What are Infantile Spasms (West Syndrome)?
Reviewed by: HU Medical Review Board | Last reviewed: March 2022 | Last updated: March 2022
Infantile spasms are a type of seizure in babies. The seizures typically happen in the morning and can cause crying and stiffening of the body.1,2
Infantile spasms are also known as West syndrome. This is because the condition was first discovered by Dr. William James West.1
Infantile spasms may be a sign of an underlying medical condition. Some conditions linked to infantile spasms include:1,2
- Intellectual disability
What do infantile spasms look like?
Infantile spasms typically happen in the morning and may occur up to 100 times a day. The most common symptom of infantile spasms is a sudden jerk or twitch of the body. This may be accompanied by:1,2
- Stiffening of the muscles
- Head nodding
Infantile spasms can be called "jackknife seizures" or "flexor spasms" because of how the seizures appear. Your baby's body can fold forward like a pocketknife. Their knees will pull up, and their arms will flail to the sides.1,2
Other symptoms include:1
- Sudden stiffening of the muscles
- Head thrusting back as legs stiffen in a straight position
Sometimes infantile spasms symptoms are subtle and hard to notice. The spasms can be mistaken for colic.
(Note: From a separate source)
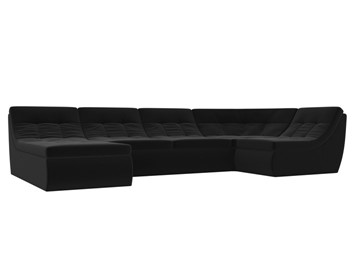 Модульный раскладной диван Холидей, Черный (микровельвет) в Нижнекамске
However, pain from colic does not occur in a series the way infantile spasm seizures do.1
What causes infantile spasms?
In about 2 out of 3 babies, infantile spasms have a known cause. Some of these causes include:1
- Genetic disorders, like tuberous sclerosis
- Infections, like meningitis or encephalitis
- Brain injuries
- Metabolic disorders, like maple syrup urine disease
- Structural defects in the brain
Diagnosing West syndrome
The doctor will perform a physical exam and ask about your child's symptoms. They will perform a brain and nerve (neurological) exam. The exam includes:1,2
- Questions about your child's seizures, including what they look like and how often they occur.
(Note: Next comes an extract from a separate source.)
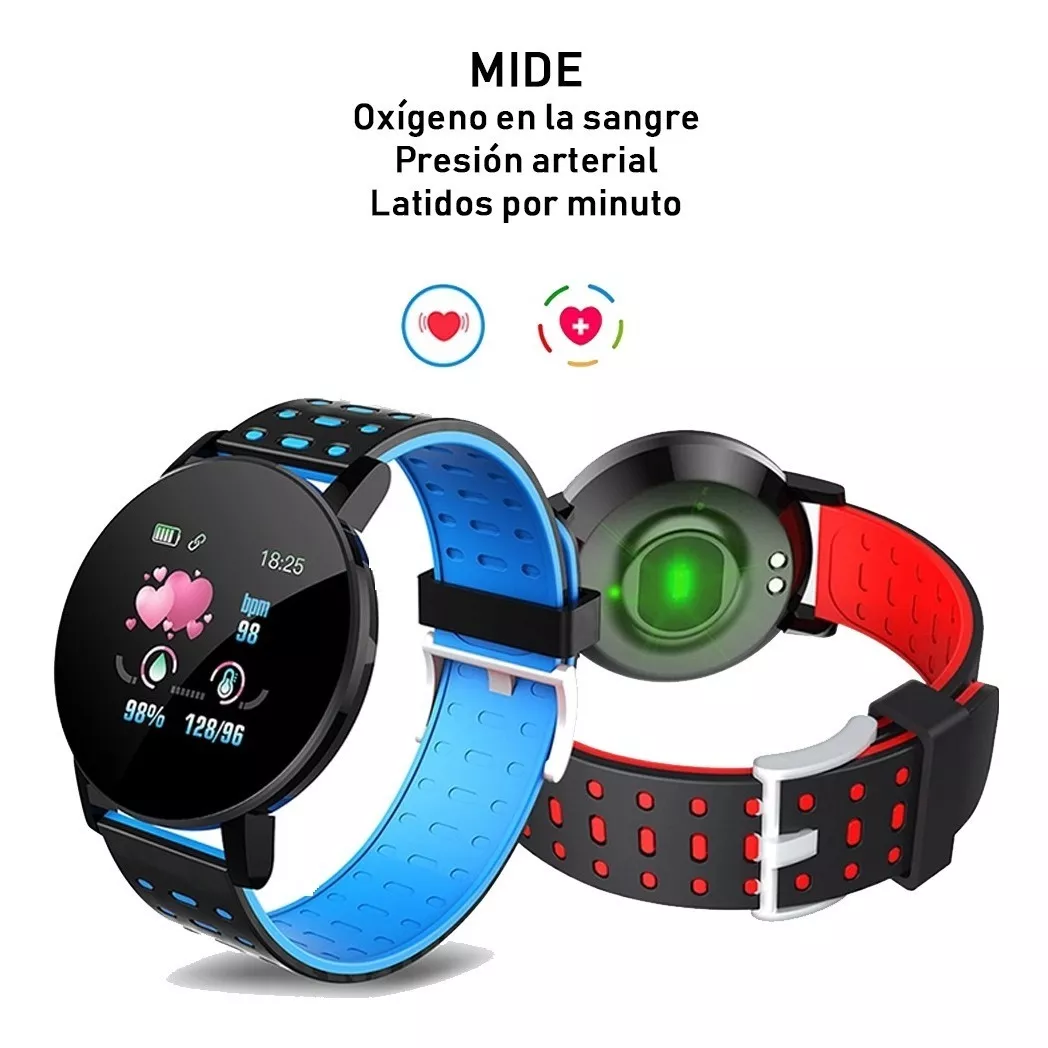 Reloj Inteligente Smartwatch 119 Plus Contra Agua Ox metro Negro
- A history of your child’s development and any prior brain injury.
- An EEG (electroencephalogram) to look at the electrical activity of the brain.
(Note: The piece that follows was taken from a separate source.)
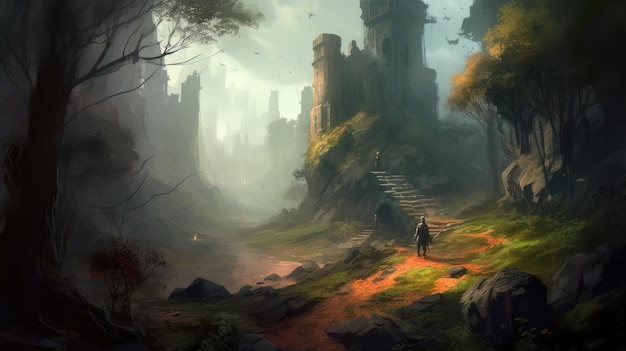 Un château dans la forêt avec un homme qui marche devant.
Most babies diagnosed with infantile spasms/West syndrome will also need other tests, for example:1,2
- MRI (magnetic resonance imaging) scan of the brain
- Blood test
- Urine test
Treating infantile spasms
It is important to treat infantile spasms as quickly as possible with the most effective therapies. Treatments include:1-3
Adrenocorticotropic hormone (ACTH)
Adrenocorticotropic hormone (ACTH) is made naturally in the body. ACTH works to release other hormones in the body. Daily injections of ACTH started soon after diagnosis have been shown to improve outcomes in infantile spasms. Doctors are not sure the exact reason why ACTH helps with infantile spasms.3
Injections of ACTH are started in the hospital, usually at an epilepsy treatment center. Your child’s doctor or nurse will teach you how to give these injections at home.3
Steroids are potent anti-inflammatory drugs. The steroids prednisone or prednisolone can be prescribed for infantile spasms.1,2
For infantile spasms, vigabatrin is the specific drug usually prescribed. Depending on your child’s condition and symptoms, other anti-seizure drugs may be used. However, infantile spasms do not usually respond well to other anti-seizure drugs.1,2
Change in diet
Some babies with infantile spasms have seizures that can be decreased by a ketogenic (keto) diet. A keto diet is a diet where you eat a lot of fat and not many carbohydrates. This forces your body to use fat for energy instead of glucose. It is a tough diet to follow, but it can be worth it if your baby's doctor thinks it might help.1,2
The keto diet has known and unknown side effects. People who follow it should be closely monitored by their doctors. The keto diet effectively treats seizures for some people. Doctors are still uncertain about why it works for some people but not others.1,2
Treating seizures early is essential to improved outcomes. Many children end up with intellectual problems, but outcomes vary greatly from child to child. Talk to your child’s doctor about your child’s symptoms and treatment options.